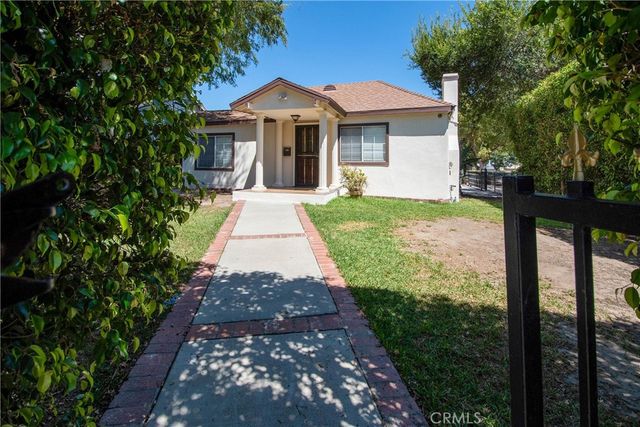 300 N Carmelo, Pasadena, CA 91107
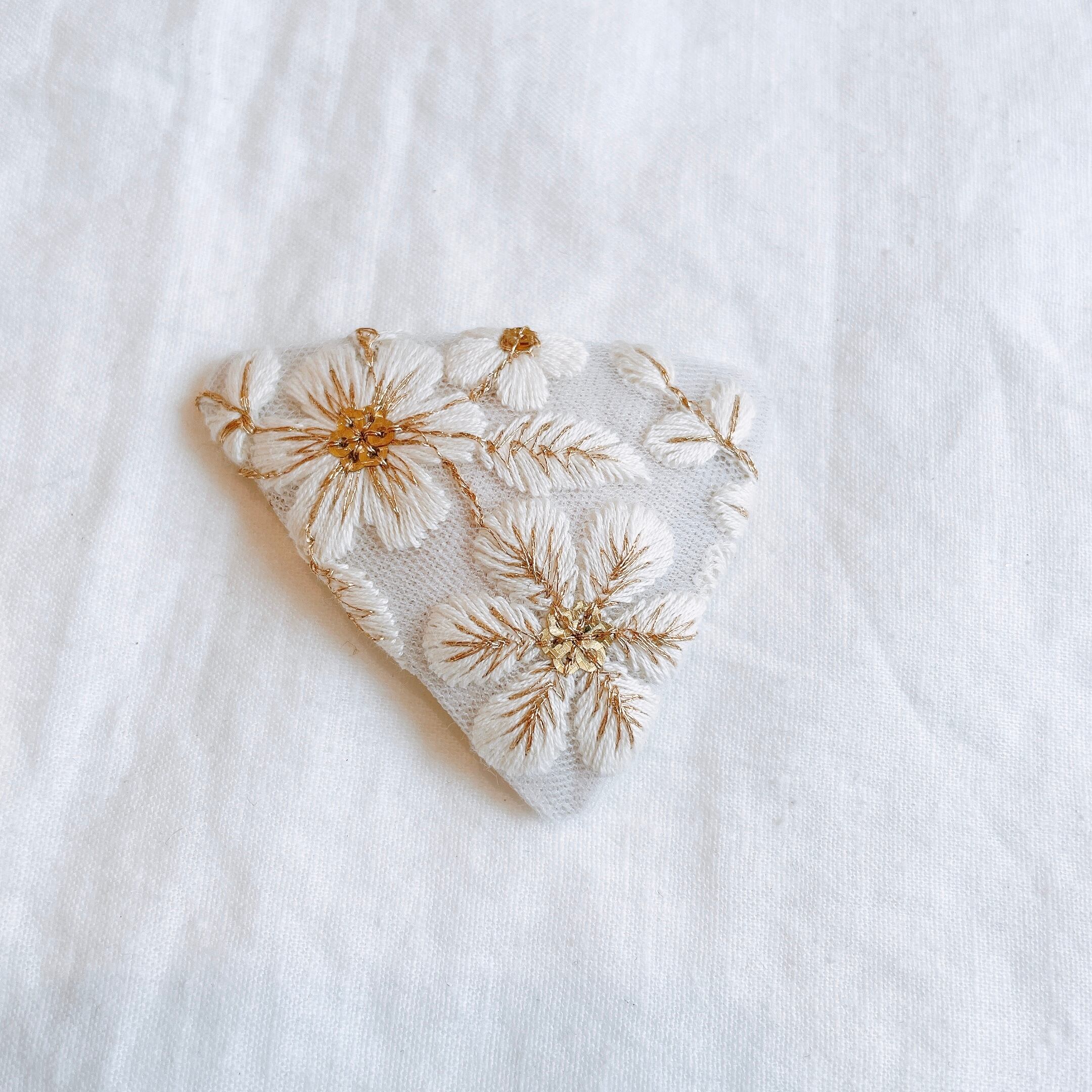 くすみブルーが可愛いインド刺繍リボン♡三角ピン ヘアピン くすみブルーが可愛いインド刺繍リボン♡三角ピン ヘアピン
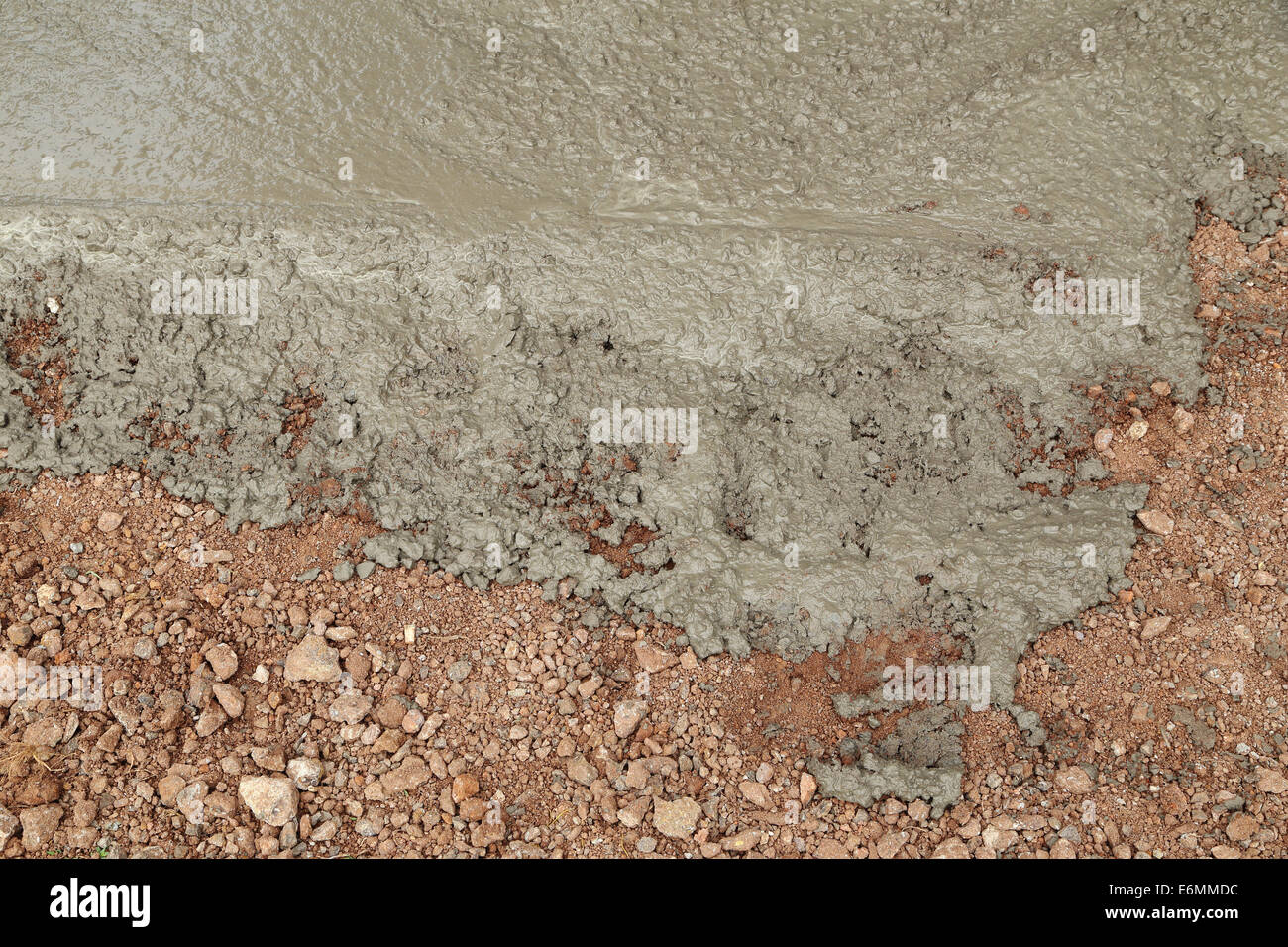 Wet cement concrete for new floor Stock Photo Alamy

- - -

Set down the material exactly, every line of it, except for the pictures.

 300 N Carmelo, Pasadena, CA 91107
 くすみブルーが可愛いインド刺繍リボン♡三角ピン ヘアピン くすみブルーが可愛いインド刺繍リボン♡三角ピン ヘアピン
 Wet cement concrete for new floor Stock Photo Alamy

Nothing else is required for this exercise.